Re-reading this, I wonder if you are missing a check valve. The 928 was designed for full-speed bahn-storming, and while it doesn't have the positive manifold pressure your turbo cars have, it still needs to maintain vacuum for the HVAC (and cruise-control, plus a resonant-flap actuator on the S4+ cars) under that condition. Porsche added a venturi eductor, but more importantly it has a vacuum accumulator (which name seems just a little backwards...), plus a small check valve between the engine and that accumulator. The check valve allows air to flow only from the accumulator towards the engine, so under hard throttle or boost conditions, the check valve will keep manifold air from entering the accumulator. The accumulator will keep the whole system available, at least until leaks, seepage, and cycling actuators eventually bleed enough air into the accumulator that there isn't enough 'vacuum' to hold things in position.Tom wrote: ↑Fri Sep 20, 2024 11:52 am Since rabbit holes are kind of my thing,
<...>
Just riff'n here, but if the solenoid were internally leaking such that A, B, and C all flowed freely between each other, one could imagine a scenario where there is still enough vacuum to pull the heater valve shut any time there is full engine vacuum (where the unlimited supply of vacuum overcomes the 'leak' at C), yet can't sustain vacuum for long under boost when relying on the oxymoronically named vacuum reservoir alone (given the leak at C), causing the valve to always be closed under vacuum and always be open under boost. No idea if the solenoids ever fail that way, however. Just thinking out loud. I'll stop now.
heater-solenoid.jpg
In the V8 car, there's also a restriction in the hose between the accumulator and the HVAC controller. It functions to slow down the actuators, but also protects the other clients (cruise, resonant flap actuator) from leaks in the HVAC system.
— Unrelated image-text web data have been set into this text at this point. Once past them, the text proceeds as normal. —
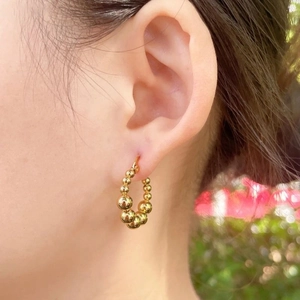 18k gold plated stainless steel hoop earrings with gradient metal beads on model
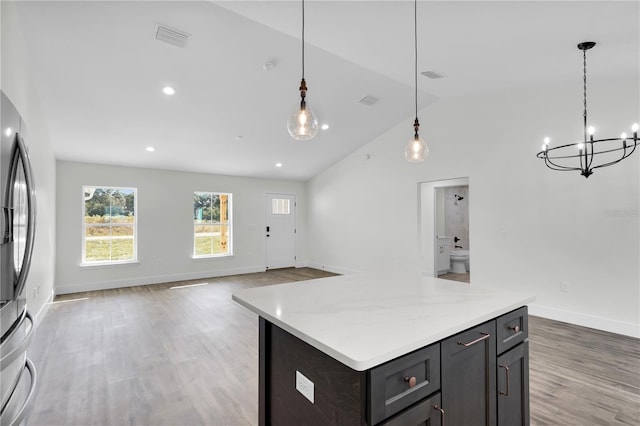 kitchen with baseboards, visible vents, light countertops, and wood finished floors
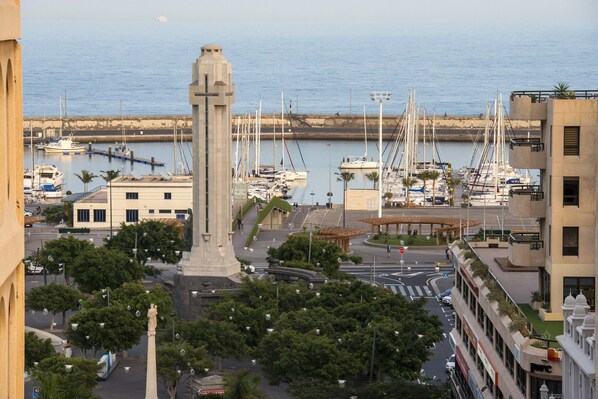Una marina con barcos, un monumento y edificios circundantes.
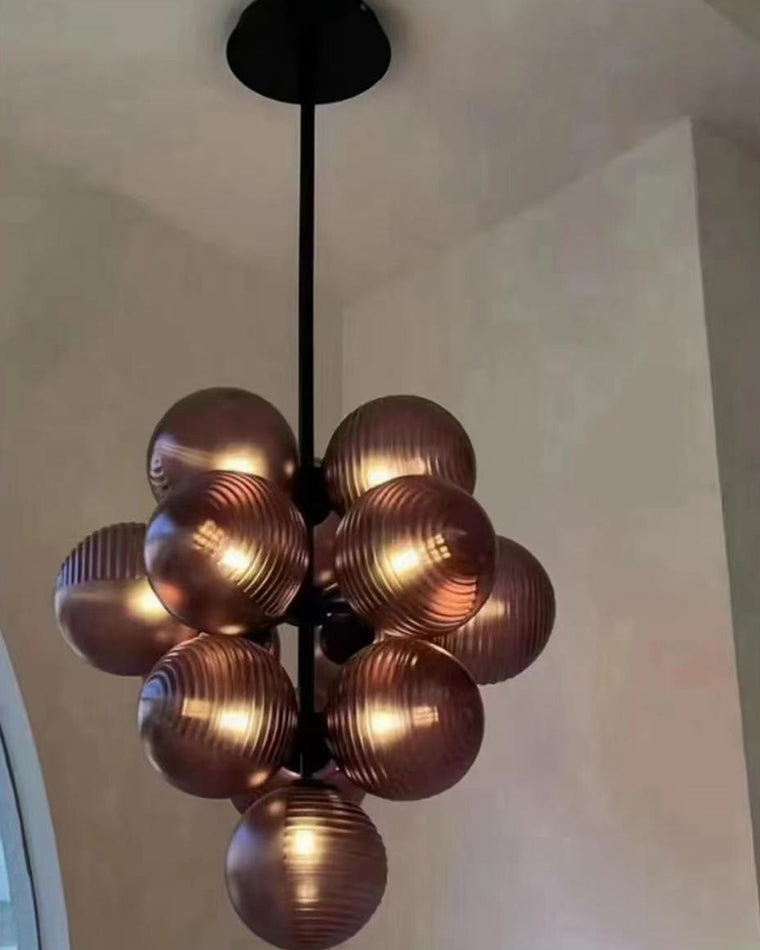 Close-up underside view of glowing purple glass bubbles clustered around the chandelier frame.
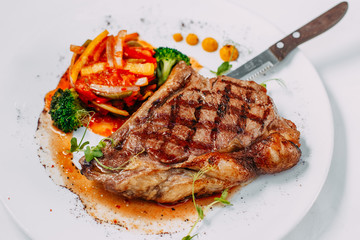grilled beef steaks with spices isolated on white background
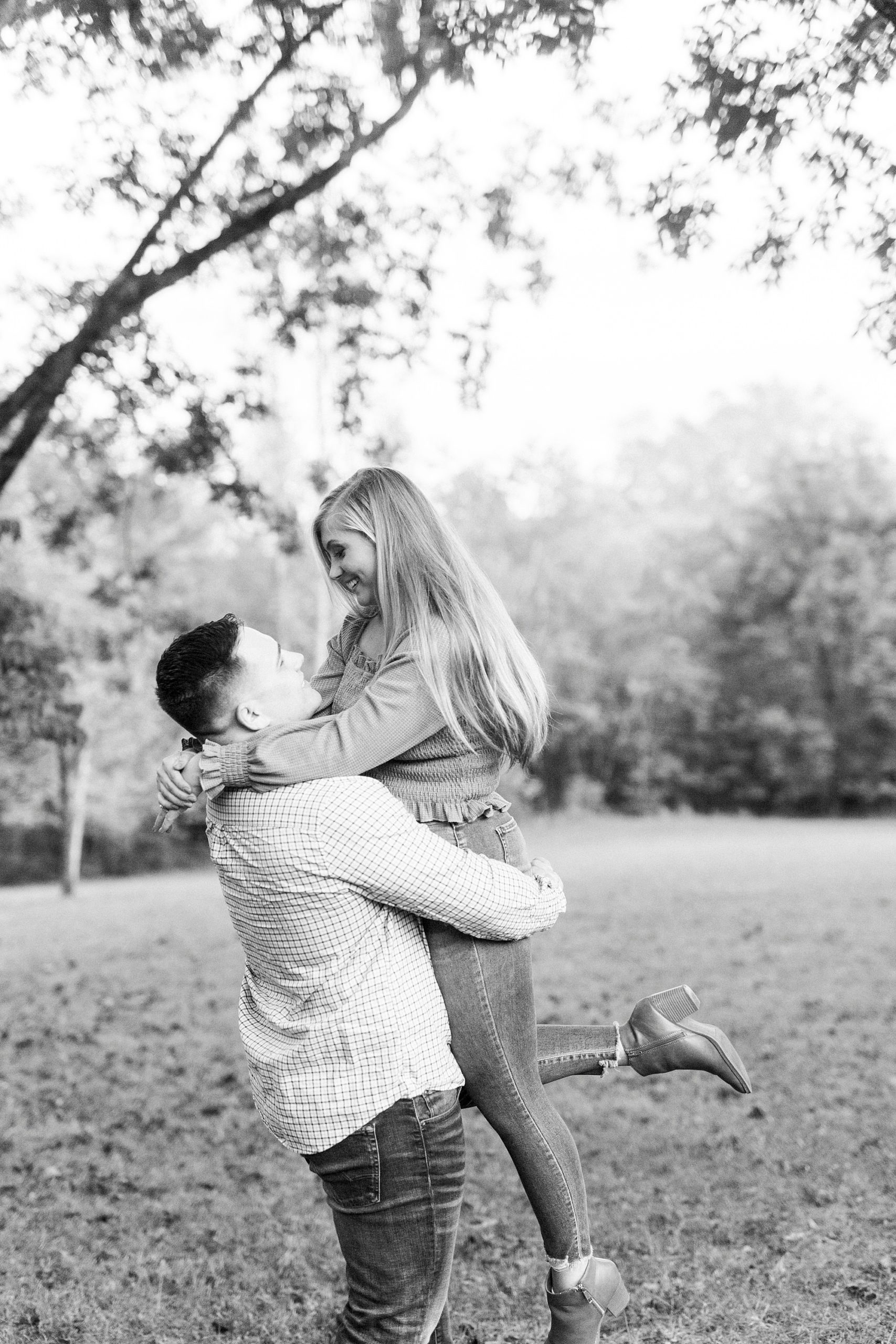 groom lifts bride during fall engagement photos
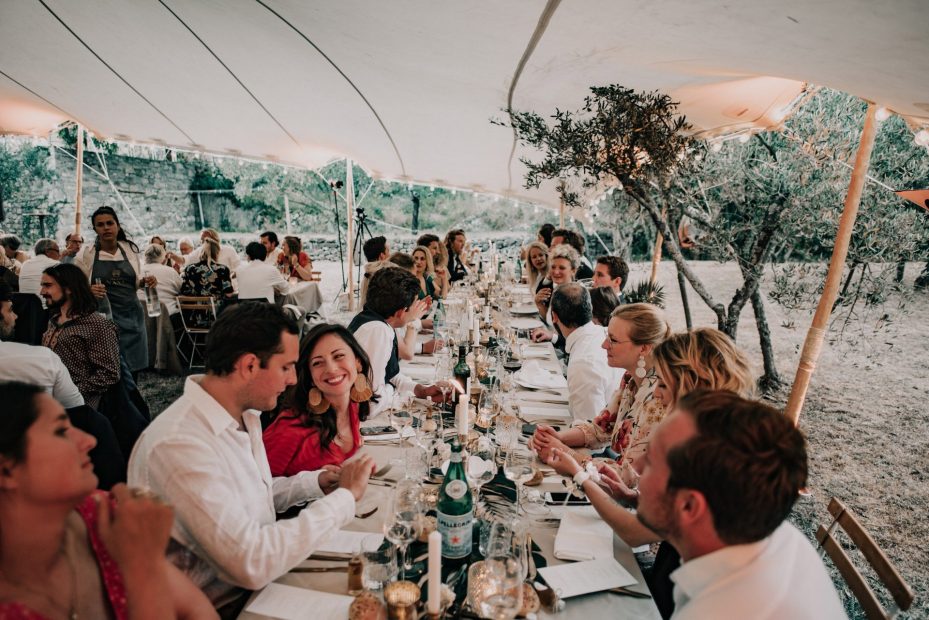 wedding guests dining under tipi style marquee at at wedding venue in france provence le domaine du rey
I don't know all the details of the 944 systems, but I do know that Behr very likely participated in the design and probably a lot of the parts and pieces as they did for the 928. Assuming they all shared a lunch table at some point, there's a good chance that they use a similar check valve. Those are not expensive at Porsche, tend to be even cheaper at Mercedes stores, and are actually pretty generic in shape and function. A decent POLAPS (plain old local auto parts store) is likely to have a generic one.